While many within the Deaf Community have known over the years that I am a Deaf Pagan, I suppose to others my announcement of such in DeafDC.com came as a bit of a surprise…or maybe not. I’ve had people tell me that they “kinda suspected that you would have a different sort of lifestyle.” Hmmm - maybe it’s the celtic tattoo on my upper breast that gave me away. (There’s a story about that, but I’ll save it for another day…)
I remember that a few months ago I posted a message on a state Deaf message board expressing an interest in finding other Deaf people and interpreters interested in Earth-Based spirituality. I did get a few responses, most of which were positive and expressed an interest to learn more, or a willingness to interpret for Pagan rituals. This was certainly nice to see.

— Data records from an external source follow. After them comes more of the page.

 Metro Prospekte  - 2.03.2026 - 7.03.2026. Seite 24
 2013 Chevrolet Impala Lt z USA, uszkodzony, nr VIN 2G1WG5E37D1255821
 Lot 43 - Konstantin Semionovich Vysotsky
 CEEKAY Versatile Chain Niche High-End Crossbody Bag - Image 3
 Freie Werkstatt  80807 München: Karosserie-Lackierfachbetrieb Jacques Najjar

I did get the one email from a Deaf Christian asking some questions about what exactly I believe and practice, since her understanding of the word pagan was a “non-believer,” or one who has no religion…a “heathen.” I sent back a friendly, polite response explaining that Paganism is indeed a religion, and briefly clearing up some of those common misconceptions. I never heard another word from her. Ahhhh well.
How do these Deafies feel about it? I dunno. Like I said, most of my friends are pretty cool about it. Others may be uncomfortable with it. It could very well be that it’s now become a topic for that “infamous Deaf grapevine” we all love so dearly. (”Pssttt…you remember that wild and crazy gal from Gally days? The one with the funny geographical name? Did you know that she recently posted some article stating that she’s <gasp> a WITCH?!?!”)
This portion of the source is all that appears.